Optimizing a Pandas DataFrame Transformation to Link two Columns - python

Given the following df:
SequenceNumber | ID | CountNumber | Side | featureA | featureB
0 0 | 0 | 3 | Sell | 4 | 2
1 0 | 1 | 1 | Buy | 12 | 45
2 0 | 2 | 1 | Buy | 1 | 4
3 0 | 3 | 1 | Buy | 3 | 36
4 1 | 0 | 1 | Sell | 5 | 11
5 1 | 1 | 1 | Sell | 7 | 12
6 1 | 2 | 2 | Buy | 5 | 35
I want to create a new df such that for every SequenceNumber value, it takes the rows with the CountNumber == 1, and creates new rows where if the Side == 'Buy' then put their ID in a column named To. Otherwise put their ID in a column named From. Then the empty column out of From and To will take the ID of the row with the CountNumber > 1 (there is only one per each SequenceNumber value). The rest of the features should be preserved.

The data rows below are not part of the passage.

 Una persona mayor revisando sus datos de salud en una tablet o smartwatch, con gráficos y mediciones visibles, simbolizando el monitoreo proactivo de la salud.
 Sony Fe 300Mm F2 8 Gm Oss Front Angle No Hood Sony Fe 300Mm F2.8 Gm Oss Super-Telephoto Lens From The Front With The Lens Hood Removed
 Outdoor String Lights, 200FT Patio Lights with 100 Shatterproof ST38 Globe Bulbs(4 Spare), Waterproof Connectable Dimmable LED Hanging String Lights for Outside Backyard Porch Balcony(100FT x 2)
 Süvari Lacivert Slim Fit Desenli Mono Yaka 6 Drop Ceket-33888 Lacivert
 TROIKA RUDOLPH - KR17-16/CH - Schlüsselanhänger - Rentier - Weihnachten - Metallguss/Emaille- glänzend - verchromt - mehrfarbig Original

NOTE: basically each SequenceNumber represents one transactions that has either one seller and multiple buyers, or vice versa. I am trying to create a database that links the buyers and sellers where From is the Seller ID and To is the Buyer ID.

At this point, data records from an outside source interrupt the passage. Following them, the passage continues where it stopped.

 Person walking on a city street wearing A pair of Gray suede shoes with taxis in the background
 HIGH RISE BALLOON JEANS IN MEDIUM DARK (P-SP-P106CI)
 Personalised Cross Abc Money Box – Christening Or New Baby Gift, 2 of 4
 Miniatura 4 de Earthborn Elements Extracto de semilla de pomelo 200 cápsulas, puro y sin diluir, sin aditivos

The output should look like this:
SequenceNumber | From | To | featureA | featureB
0 0 | 0 | 1 | 12 | 45
1 0 | 0 | 2 | 1 | 4
2 0 | 0 | 3 | 3 | 36
3 1 | 0 | 2 | 5 | 11
4 1 | 1 | 2 | 7 | 12
I implemented a method that does this, however I am using for loops which takes a long time to run on a large data. I am looking for a faster scalable method. Any suggestions?
Here is the original df:
df = pd.DataFrame({'SequenceNumber ': [0, 0, 0, 0, 1, 1, 1],
'ID': [0, 1, 2, 3, 0, 1, 2],
'CountNumber': [3, 1, 1, 1, 1, 1, 2],
'Side': ['Sell', 'Buy', 'Buy', 'Buy', 'Sell', 'Sell', 'Buy'],
'featureA': [4, 12, 1, 3, 5, 7, 5],
'featureB': [2, 45, 4, 36, 11, 12, 35]})

You can reshape with a pivot, select the features to keep with a mask and rework the output with groupby.first then concat:
features = list(df.filter(like='feature'))
out = (
# repeat the rows with CountNumber > 1
df.loc[df.index.repeat(df['CountNumber'])]

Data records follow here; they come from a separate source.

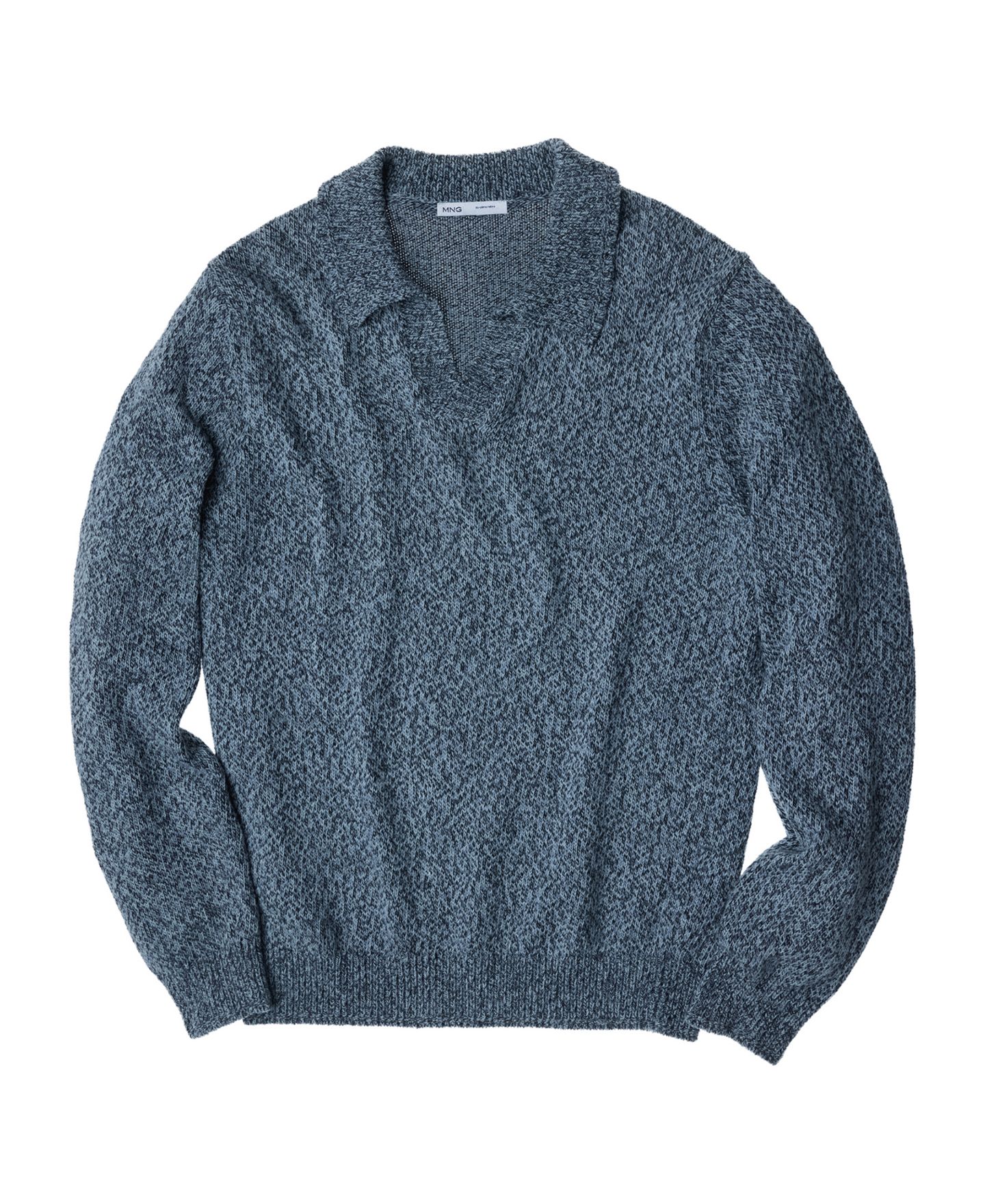 Мужской свитер Mango Polo Cactus Chunky Knit Long-Sleeve, цвет: Индиго синий — фото 1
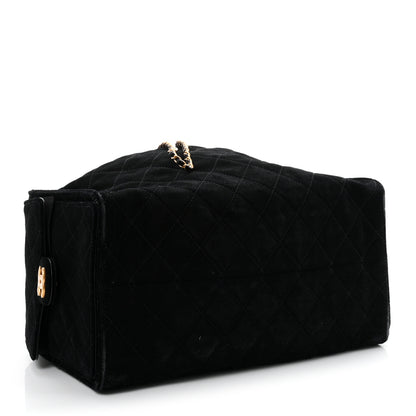 Chanel Suede Quilted Medium Chanel 25 Handbag Black 4 of 10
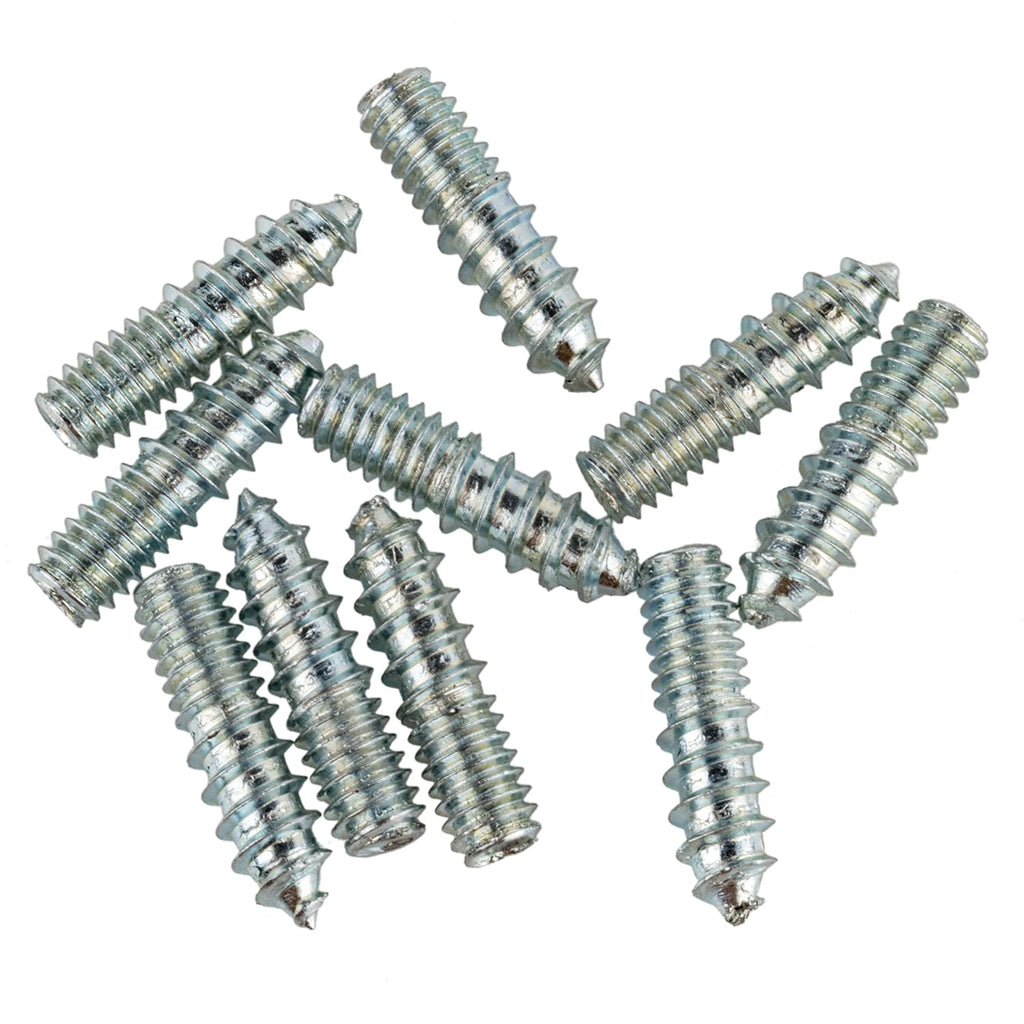 #8-32 x 5/8" Zinc Plated Hanger Bolts - Self-Tapping Breadboard Screws - Pack of 10 - Double Ended Screws for Cabinet Knobs - SV1-Z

# rename Sell/Buy into from/to and de-duplicate the rows per group
.assign(Side=lambda d: d['Side'].map({'Sell': 'from', 'Buy': 'to'}),
n=lambda d: d.groupby(['SequenceNumber', 'Side']).cumcount()
)
# mask the features where CountNumber > 1
.assign(**{f: lambda d, f=f: d[f].mask(d['CountNumber'].gt(1)) for f in features})
.drop(columns='CountNumber')
# reshape with a pivot
.pivot(index=['SequenceNumber', 'n'], columns='Side')
)
out = (
pd.concat([out['ID'], out.drop(columns='ID').groupby(level=0, axis=1).first()], axis=1)
.reset_index('SequenceNumber')
)
Output:
SequenceNumber from to featureA featureB
n
0 0 0 1 12.0 45.0
1 0 0 2 1.0 4.0
2 0 0 3 3.0 36.0
0 1 0 2 5.0 11.0
1 1 1 2 7.0 12.0
atlernative using a merge like suggested by ifly6:
features = list(df.filter(like='feature'))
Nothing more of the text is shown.